Pendant sa présidence de l’Union Européenne, la France a eu à gérer les nombreux textes en cours de négociation pour mettre en œuvre le Green Deal et permettre à l’UE d’atteindre son nouvel objectif de réduction des émissions européennes de 55% d’ici 2030. La France a mis l’accent sur certains dossiers comme le mécanisme d’ajustement carbone aux frontières de l’Europe et le carbon farming lors de sa présidence.

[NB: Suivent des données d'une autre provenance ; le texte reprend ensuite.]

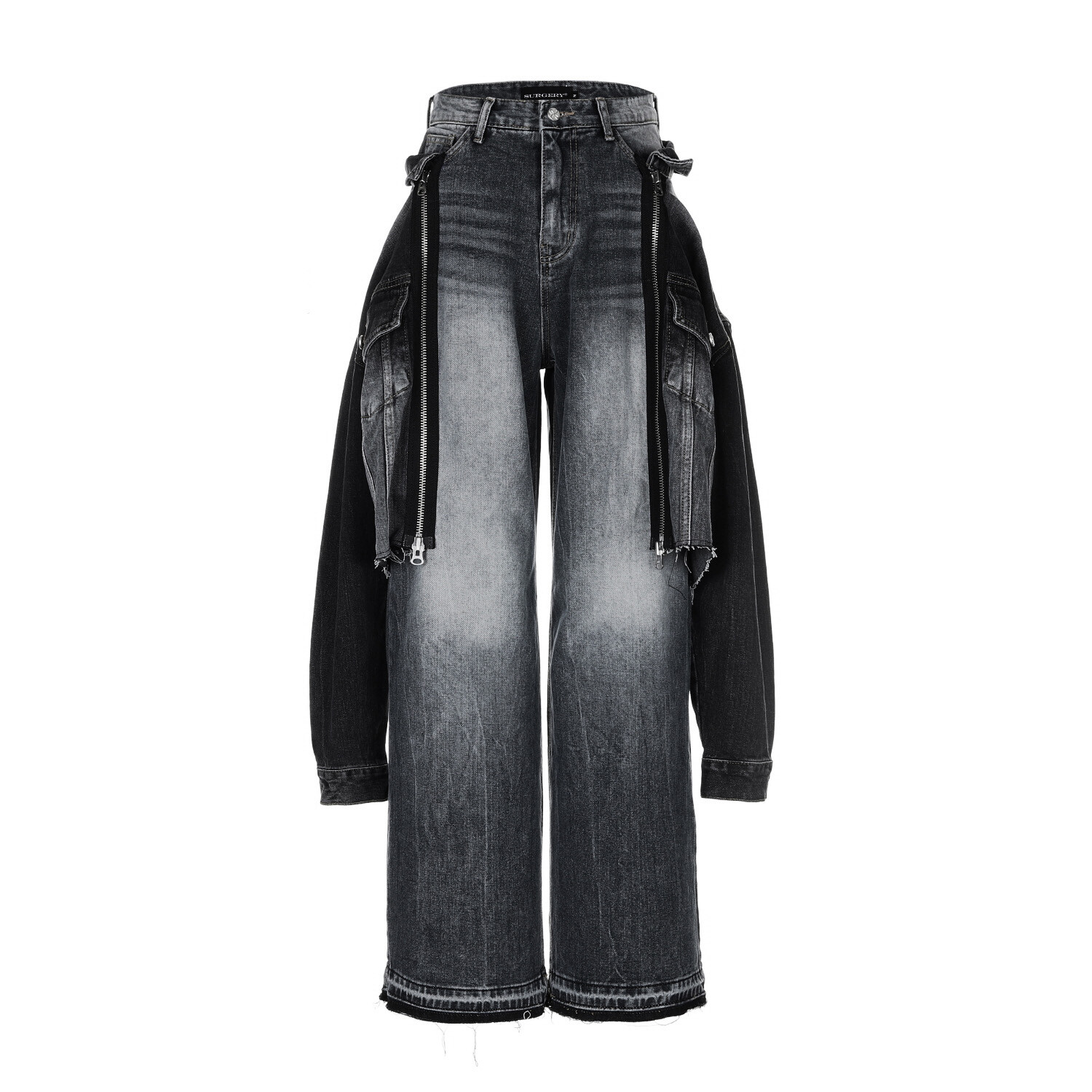 【SURGERY】 SURGERY HYBRID SET-UP DOCKED JEANS : BLACK DENIM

A partir du 1er juillet, c’est en tant que simple État membre qu’elle devra se prononcer sur des dossiers épineux comme la répartition du nouvel objectif européen entre les pays, la réforme du marché carbone européen et son éventuelle extension aux transports et aux bâtiments, ou encore la réforme du pacte de stabilité et de croissance qui aura des implications sur le financement par les États membres de la lutte contre les changements climatiques.

 

Il y a un autre dossier, dont on discute beaucoup à Bruxelles et qui doit être finalisé dans les tous prochains mois : le paquet bancaire européen. Il est l’occasion pour l’UE de faire progresser la réglementation financière pour le climat, en rendant obligatoires pour les banques d’adopter des plans de transition, comme de plus en plus d’acteurs comme la Banque centrale européenne, Finance Watch ou I4CE appellent à le faire. Car la meilleure manière de protéger la stabilité financière et la finance des risques que le climat fait peser sur elle est de s’assurer qu’elle contribue activement à une transition ordonnée. C’est aussi une manière pour l’UE d’assumer son leadership en la matière, à l’heure où la compétition internationale fait rage pour fixer les nouvelles normes en matière de réglementation financière pour le climat.

 

La France est très attendue sur ce sujet, sur lequel elle a longtemps eu un rôle de pionnier grâce à ses initiatives sur les obligations vertes, les labels de qualité pour la finance climat et la transparence climat des acteurs financiers. Mais si les attentes étaient fortes au début du premier quinquennat d’Emmanuel Macron et s’il a – notamment avec son One Planet Summit – laissé espérer que la France pourrait initier des avancées sur la réglementation financière, les avances ont été peu nombreuses et le leadership français s’est étiolé : les réformes ambitieuses sont désormais plutôt portées par la Commission européenne, la France s’étant surtout mobilisée pour s’assurer de la présence du nucléaire dans la taxonomie officielle des investissements durables. En œuvrant pour que l’UE rende obligatoire les plans de transition pour les banques, en les rendant déjà obligatoires en France, en demandant à l’Autorité des marchés financiers d’agir plus fortement contre le greenwashing des entreprises qui se disent neutres en carbone sans l’être, en s’engageant dans la bataille internationale sur la réglementation financière au sein du Comité de Bâle, elle peut retrouver son rôle de pionnier.